Panoptes is open source software, licensed under the GPLv3. For more information see COPYING.
The Panoptes interposer depends on Boost, CUDA, Make, and Valgrind (for its hooks). The testsuite shares the same dependencies as well as Google's googletest framework (http://code.google.com/p/googletest/).
Once the appropriate include paths are specified in the Makefile, run 'make' from the source directory to build the interposer and run the test suite. (A working CUDA-compatible GPU is required for the tests to work.)
To run a CUDA program under Panoptes (for demonstration purposes, named "my_cuda_program"):
Panpotes is a research code base that has not achieved a complete implementation of CUDA. Notable limitatations (and the rationale for them) currently include:
- Mapped memory accesses from the GPU. Panoptes currently reports to callers of cudaGetDeviceProperties the flag canMapHostMemory to be zero. Supporting direct access requires we maintain two sets of validity bits, one for the device and one for the host, keeping the state of the two sets reasonably consistent. We could make the host "authoritative," exposing the validity bits for mapped regions stored by Valgrind directly to the device. Doing so would require tight coupling with Valgrind's internals as well as likely patching Valgrind to disable its compression technique for validity bits (as Panoptes uses 1:1 bit level shadowing). We could make the device authoritative. Upon a kernel launch, we would need to speculatively transfer any dirty, host-stored validity bits out of Valgrind and onto the device. Upon a host access, we would have to load the validity bits off of the device and place them into Valgrind.

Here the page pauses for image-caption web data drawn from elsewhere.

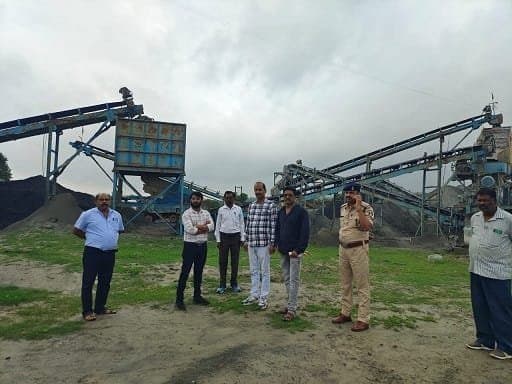 बिना अनुमति क्रेशर संचालन पर राजस्व एवं खनिज विभाग की टीम ने की कार्यवाही
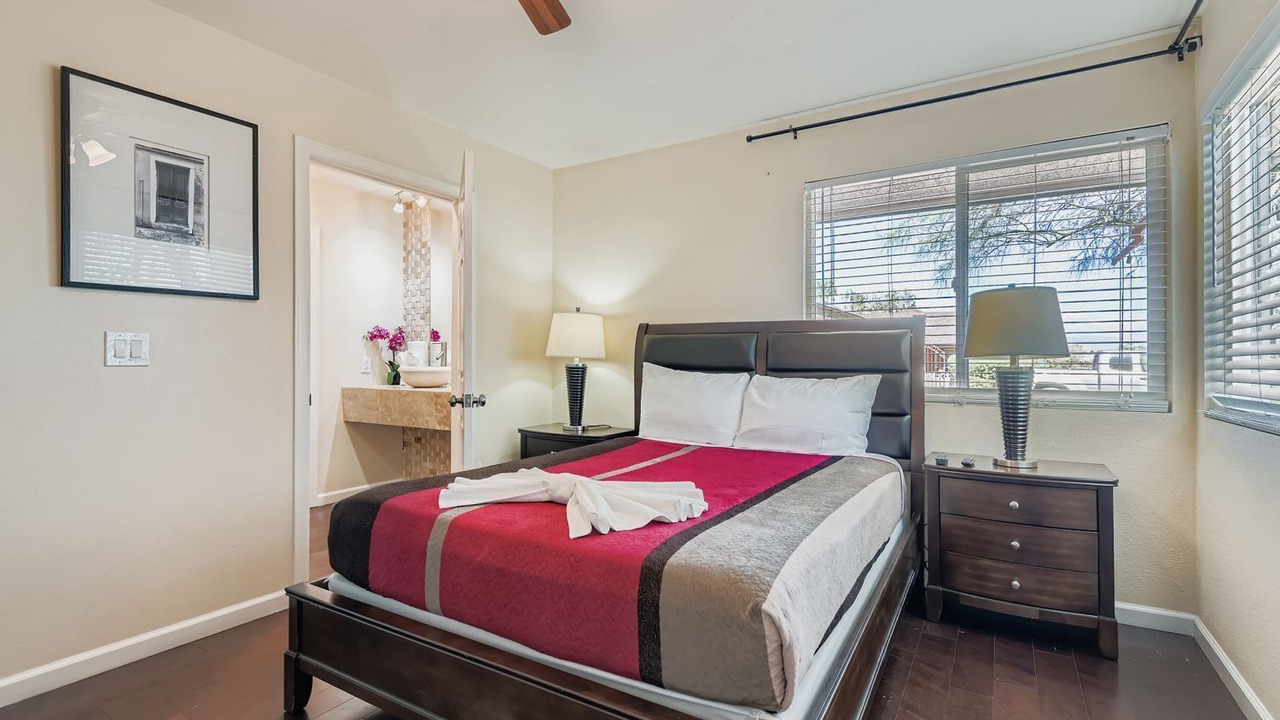 Photo of Bedroom in Rainbow Park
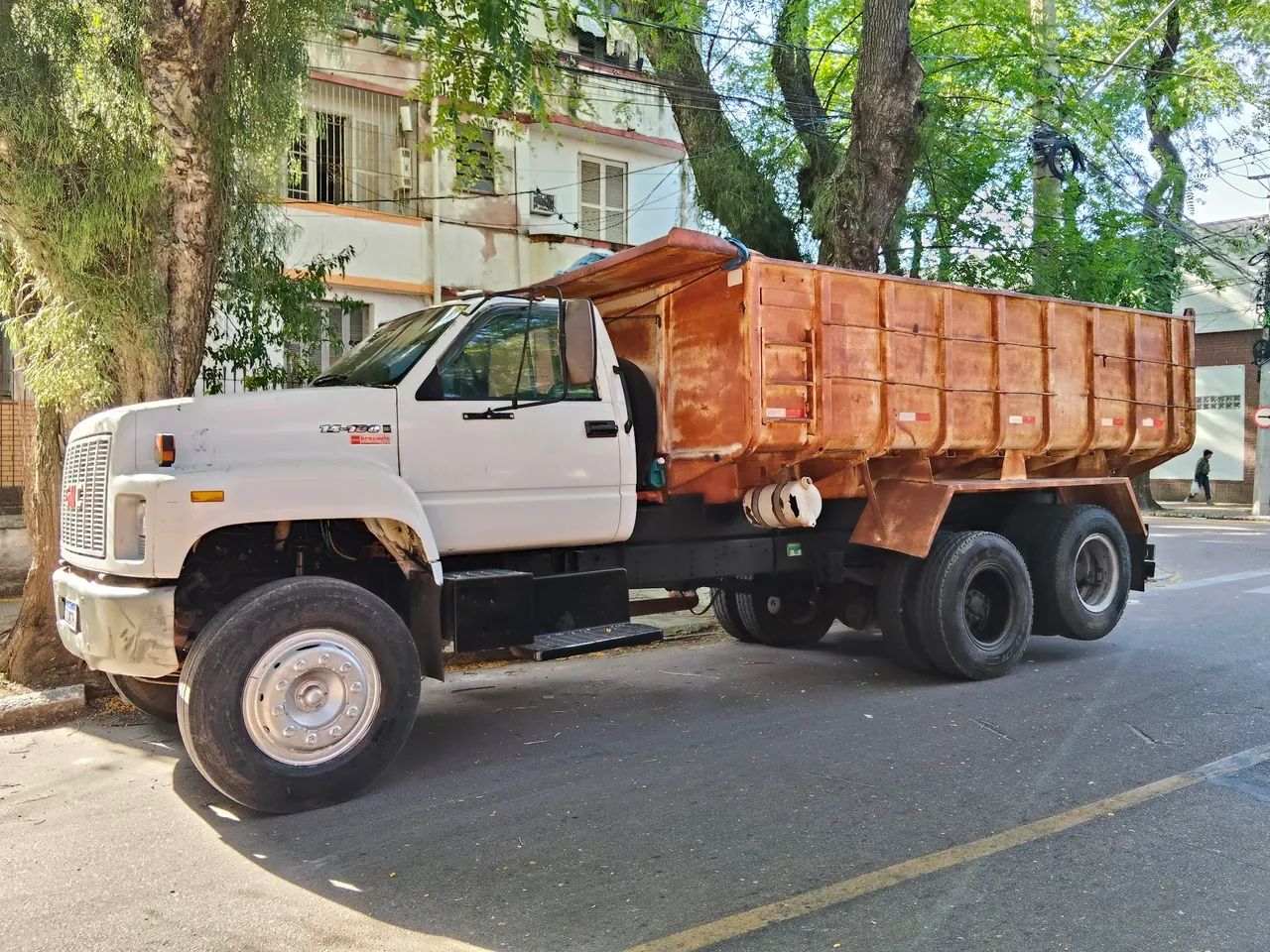 Retroescavadeira e Caminhao - Foto 2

- Peer-to-Peer Support. Panoptes currently does not implement the peer-to-peer functionality exposed in CUDA 4. Implementing this is currently limited by the fact that each device maintains its own master list of chunks in its address space. Devices that can communicate with peer-to-peer need to share some of those portions of their address space (relatedly, cudaGetDeviceProperties under Panoptes reports that unified addressing is not supported). Since this is a common use case for multi-GPU systems, it is expected to be implemented in the near future.
- Instruction support. Not all parts of the PTX instruction set are supported. Further, parts of the PTX instruction set that are supported have largely been tested by generating kernels written in C/C++ with nvcc. It is possible that there are untested edge cases that would only be exposed by use of inline PTX.
- Atomic operations: These currently are not checked for addressability nor are validity bits considered.
- Textures/Surfaces: Texture/surface support is currently being tested, but is not released.
- Extended Precision: Extended precision operations (addc, subc, madc) are not instrumented.
- Video instructions: The video instructions (vadd, vsub, vabsdiff, vmin,vmax, vshl, vshr, vmad, vset) are currently not instrumented.